Set out word for word the line that contains "Red and Black" and each line after it, through the end of the data below, but exclude the pictures.

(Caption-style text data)

--*--

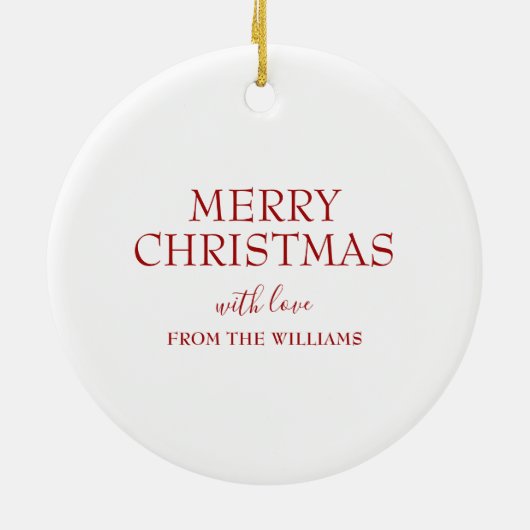 赤（鳥）ショウジョウコウカンチョウバードクリスマスパーソナライズされた セラミックオーナメント (裏面)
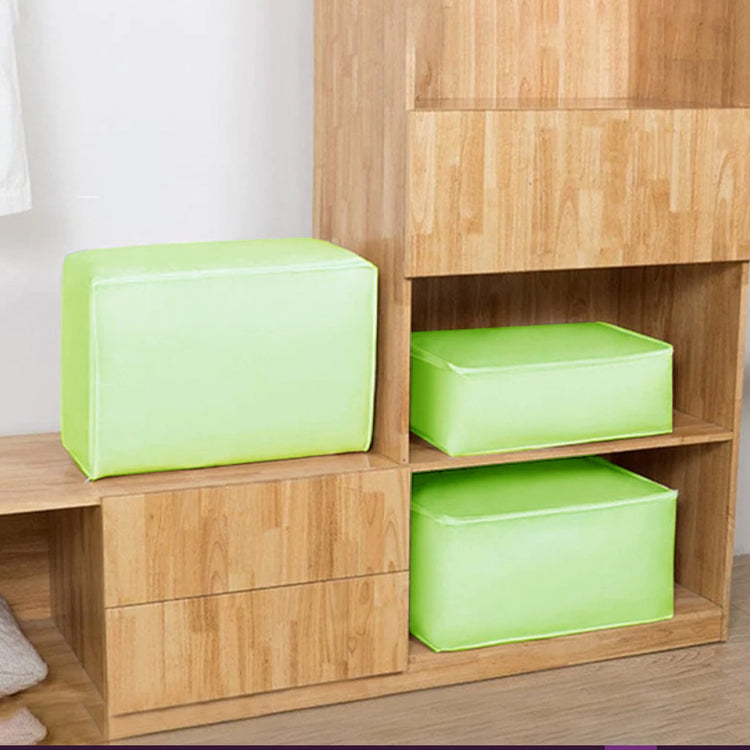 Lime green fabric storage cubes on wardrobe shelves.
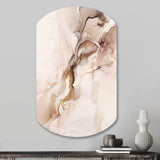 Brown Abstract Delicate Marble I - Asymmetric Metal Wall Art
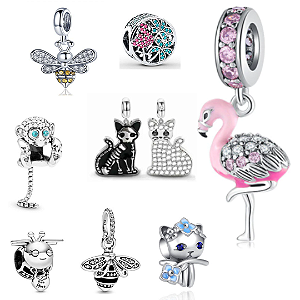 Berloque Charm Flamingo P/ Pandora e Vivara | Prata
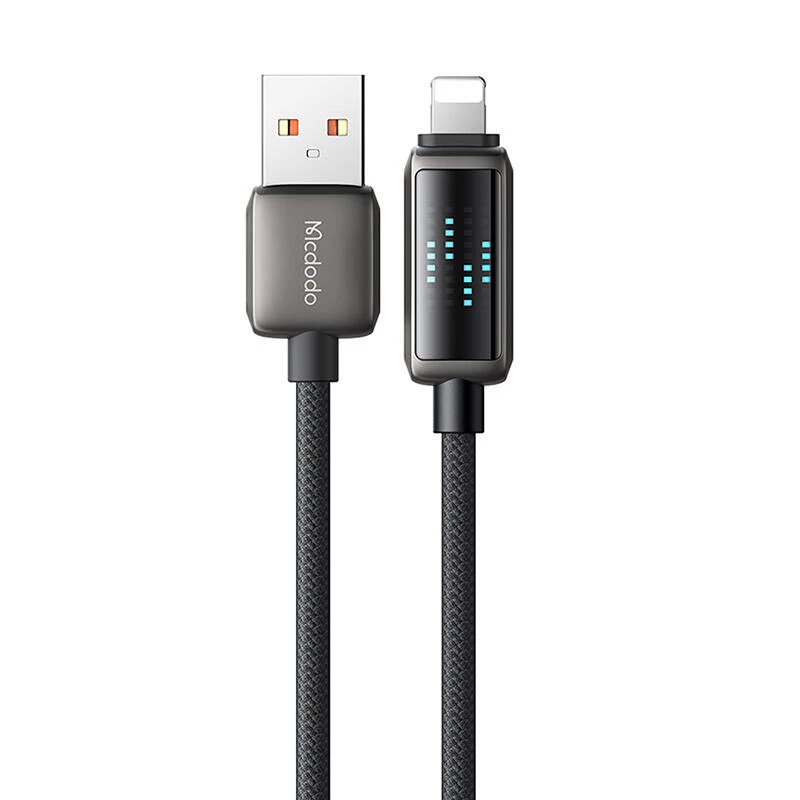 USB-A į Lightning laidas Mcdodo CA-5250 su LED įkrovimo ekranu, 1,2 m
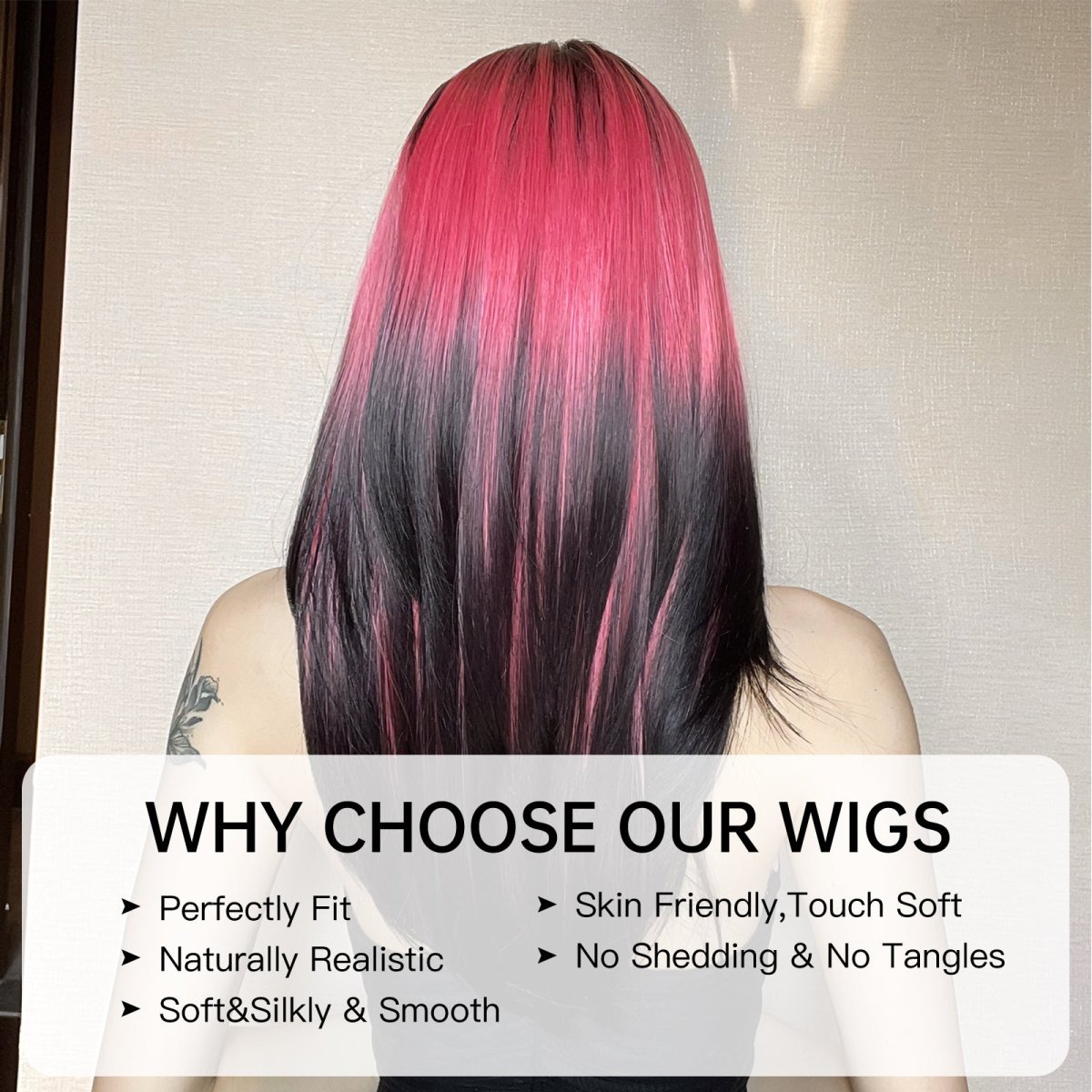 Red and Black Highlight Wig - MARKETPLACE | Red, Fringe, Synthetic Hair | Milk &amp; Honey Wigs
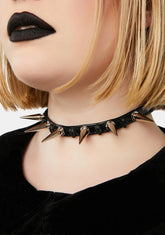 Wicked Macabre Thoughts Spiked Choker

--*--

Expected output
 Red and Black Highlight Wig - MARKETPLACE | Red, Fringe, Synthetic Hair | Milk &amp; Honey Wigs
 Wicked Macabre Thoughts Spiked Choker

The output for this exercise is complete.